Legislative Auditor Daryl Purpera’s office said the agency’s formula for sending state and federal money to local councils on aging doesn’t determine where needs are greatest. The audit said the office doesn’t consistently track the services it funds, and the shortfall could become more acute as the elderly population grows and the need for services intensifies.
The Office of Elderly Affairs works with local senior centers, community service organizations and volunteer programs to provide assistance with meals, transportation, counseling and personal care for senior citizens.
“Having stronger and more consistent oversight and strategically using data to evaluate and manage would help (the agency) ensure that effective and relevant services are delivered to the increasing number of elderly in Louisiana,” the audit says.
The Jindal administration defended its formula, saying it was approved by federal officials and didn’t need tweaking. Karen Ryder, deputy assistant secretary for the Office of Elderly Affairs, said in a written response to the audit that the agency will work more closely with local organizations to monitor spending.
In 2012, Jindal fired the office’s executive director, Martha Manuel, a day after she told lawmakers that the governor’s plan to merge the Office of Elderly Affairs into the state health department would damage services for Louisiana’s senior citizens. Lawmakers later refused to allow the move. Jindal never named another executive director to lead the agency.
“This lack of leadership contributes to the agency’s inability to fulfill its mission as a visible advocate for the elderly and results in the aging network not having a voice in policy and budget discussions,” Purpera’s office said.
Jindal spokeswoman Shannon Bates said state law requires a governor to pick an executive director from those nominated by the Louisiana Executive Board on Aging. She said the only person recommended by the board since 2012 was the subject of ethics complaints.
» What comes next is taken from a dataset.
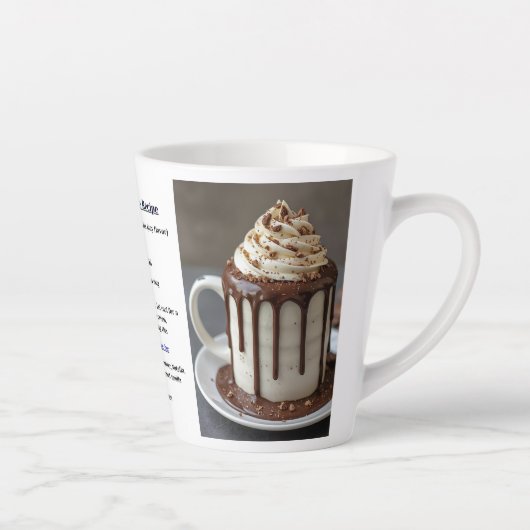 Simple Instant Mug Cake Recipe Latte Mok (Rechts)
“We are ready to work with them once they send us another candidate,” Bates said in a statement.
The audit also said while the agency collects data on services and the demographics of its recipients, the information is used mainly to comply with federal reporting requirements. Auditors said that data could be used to better steer aid to areas of need, in rural communities where elderly residents are harder to reach and to low-income minority populations.
Louisiana’s Office of Elderly Affairs gives a base allocation of $12,000 to each parish, then uses a formula to distribute the rest of the money. The formula considers the number of elderly people, the parish size and poverty levels.
Purpera’s office said other states use extra factors like the prevalence of minorities, the number of people with disabilities and the type of area, whether rural or urban.
While the Jindal administration agreed to more closely train councils on aging and volunteer programs on data collection, it didn’t agree to revise its formula.
Ryder said the current formula “allows for targeting funding areas with the greatest needs and allows for equitable funding as necessary to the small rural parishes as well as the large urban parishes.”